Aktuelles aus dem Behindertensport

Zwei Gruppen begegnen sich auf Augenhöhe

Rainer Schmidt im Deutschen Haus London bei der Moderation
Rainer Schmidt im Deutschen Haus London

In der neuesten Ausgabe „Fakor Sport“ kommt DBS-Botschafter Rainer Schmidt zum Thema Inklusion im Editorial zu Wort. Lesen Sie hier den gesamten Text im Wortlaut:

 

„Zwei Gruppen begegnen sich auf Augenhöhe. Beide haben noch nicht die

Lösung, aber suchen sie gemeinsam“

 

LIEBE FREUNDE DES SPORTS,

Sport und Inklusion, das ist ein großes Thema in diesem Jahr. Ich nutze die Chance, Ihnen kurz darzulegen, warum Inklusion im Sport gelingen kann. Aber nicht gelingen muss.

Inklusion, könnte man sagen, ist die Kunst des Zusammenlebens verschiedener Menschen. Auf Sport übertragen: Junge und Alte, Menschen mit Migrationshintergrund und die, die nur Deutsch sprechen – um das mal ein bisschen umzuwerten –, finden sich in einem Verein zusammen, weil sie sich dort austoben, spielen, Erfolgs- und Gemeinschaftserlebnisse haben können. Sie nehmen nicht nur teil - das wäre Integration: Eine „normale“ Gruppe sorgt dafür, dass die Benachteiligten mitmachen können –, sie haben auch teil: Zwei Gruppen begegnen sich auf Augenhöhe. Beide haben noch nicht die Lösung, aber suchen sie gemeinsam.

Inklusion muss von einer Erkenntnis ausgehen: In der UN-Behindertenrechtskonvention wird nicht mehr aufgeteilt in Menschen mit Behinderung und ohne Behinderung, denn das ist eine medizinische Kategorie. Mediziner sagen: Der weicht von der Norm ab, der hat keine Hände, der ist behindert. Die Frage ist: Braucht der Sport diese medizinische Aufteilung?

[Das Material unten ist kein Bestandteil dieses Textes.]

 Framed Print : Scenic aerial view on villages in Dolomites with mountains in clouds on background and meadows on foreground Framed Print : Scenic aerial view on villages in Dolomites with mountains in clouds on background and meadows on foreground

Ich glaube, im Wettkampf hat Inklusion Grenzen. Es muss faire Klassen geben. Im Mannschaftssport etwa brauchen alle, die mitmachen, eine bestimmte Fähigkeit. Als Rollstuhlfahrer können Sie sich nicht in eine Fußball-Bundesligamannschaft einklagen, weil Sie dann auf Rechtsaußen stehen und darüber die Hütte vollkriegen. Denn es gibt ein Kriterium: Sie müssen sehr, sehr gut Fußball spielen. Andererseits: Warum nicht mal Tischtennismeisterschaften machen, bei denen Männer und Frauen zusammen antreten? Oder Wettkämpfe im Behindertensport und Nichtbehindertensport in einer Halle veranstalten?

Inklusion im Sport braucht Fantasie. Wir müssen begreifen, dass jeder Mensch Leidenschaft für den Sport entwickeln kann. Unsere Aufgabe ist es, ihm das gemeinschaftliche, gleichberechtigte Ausleben dieser Leidenschaft zu ermöglichen.